The required result is every line of the records that includes "Black".

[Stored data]
- - - - - - -

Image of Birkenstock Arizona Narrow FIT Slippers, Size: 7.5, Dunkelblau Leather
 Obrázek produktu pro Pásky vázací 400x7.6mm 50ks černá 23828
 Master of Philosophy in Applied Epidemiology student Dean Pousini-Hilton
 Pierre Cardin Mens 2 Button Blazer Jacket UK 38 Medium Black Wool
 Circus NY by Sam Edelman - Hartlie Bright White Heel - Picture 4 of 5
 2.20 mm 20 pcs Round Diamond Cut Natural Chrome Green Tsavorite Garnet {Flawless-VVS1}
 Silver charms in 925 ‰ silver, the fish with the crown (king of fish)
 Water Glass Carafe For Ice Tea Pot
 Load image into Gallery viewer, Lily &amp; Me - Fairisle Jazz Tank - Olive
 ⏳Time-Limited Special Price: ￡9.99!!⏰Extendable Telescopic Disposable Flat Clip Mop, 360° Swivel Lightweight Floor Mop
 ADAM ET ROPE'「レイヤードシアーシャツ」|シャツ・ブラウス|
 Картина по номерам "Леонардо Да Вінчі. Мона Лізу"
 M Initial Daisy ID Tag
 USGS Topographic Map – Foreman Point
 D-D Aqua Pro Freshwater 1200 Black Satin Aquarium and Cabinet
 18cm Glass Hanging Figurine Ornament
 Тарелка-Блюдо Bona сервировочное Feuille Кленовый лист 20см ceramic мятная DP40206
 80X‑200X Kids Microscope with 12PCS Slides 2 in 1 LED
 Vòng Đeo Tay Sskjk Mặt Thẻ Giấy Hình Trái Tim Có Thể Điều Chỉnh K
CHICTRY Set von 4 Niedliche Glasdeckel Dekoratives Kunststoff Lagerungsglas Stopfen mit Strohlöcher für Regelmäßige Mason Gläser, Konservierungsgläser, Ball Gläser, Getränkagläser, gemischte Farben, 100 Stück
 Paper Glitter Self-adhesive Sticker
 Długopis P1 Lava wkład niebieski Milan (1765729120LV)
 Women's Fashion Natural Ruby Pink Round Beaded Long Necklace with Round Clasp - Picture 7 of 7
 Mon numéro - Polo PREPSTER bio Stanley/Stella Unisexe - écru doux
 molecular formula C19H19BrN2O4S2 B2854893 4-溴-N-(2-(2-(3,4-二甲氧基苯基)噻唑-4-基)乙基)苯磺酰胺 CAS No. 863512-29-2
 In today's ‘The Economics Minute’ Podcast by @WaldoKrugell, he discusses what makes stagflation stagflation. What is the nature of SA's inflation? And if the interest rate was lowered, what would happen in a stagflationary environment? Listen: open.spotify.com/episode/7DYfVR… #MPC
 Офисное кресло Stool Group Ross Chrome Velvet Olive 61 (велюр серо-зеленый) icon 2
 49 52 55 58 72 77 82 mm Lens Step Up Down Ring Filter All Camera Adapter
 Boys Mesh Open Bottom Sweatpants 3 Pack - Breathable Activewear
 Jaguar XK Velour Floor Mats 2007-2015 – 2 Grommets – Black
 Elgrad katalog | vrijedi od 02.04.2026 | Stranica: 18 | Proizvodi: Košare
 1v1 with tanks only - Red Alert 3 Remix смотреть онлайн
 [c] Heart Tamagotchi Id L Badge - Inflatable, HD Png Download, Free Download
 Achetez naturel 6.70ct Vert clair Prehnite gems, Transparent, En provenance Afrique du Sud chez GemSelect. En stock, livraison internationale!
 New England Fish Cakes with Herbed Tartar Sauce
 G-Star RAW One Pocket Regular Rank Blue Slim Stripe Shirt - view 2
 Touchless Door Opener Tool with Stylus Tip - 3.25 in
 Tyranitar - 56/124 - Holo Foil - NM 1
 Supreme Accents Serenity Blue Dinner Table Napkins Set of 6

- - - - - - -

_Result of this exercise:_
 Pierre Cardin Mens 2 Button Blazer Jacket UK 38 Medium Black Wool
 D-D Aqua Pro Freshwater 1200 Black Satin Aquarium and Cabinet
 Jaguar XK Velour Floor Mats 2007-2015 – 2 Grommets – Black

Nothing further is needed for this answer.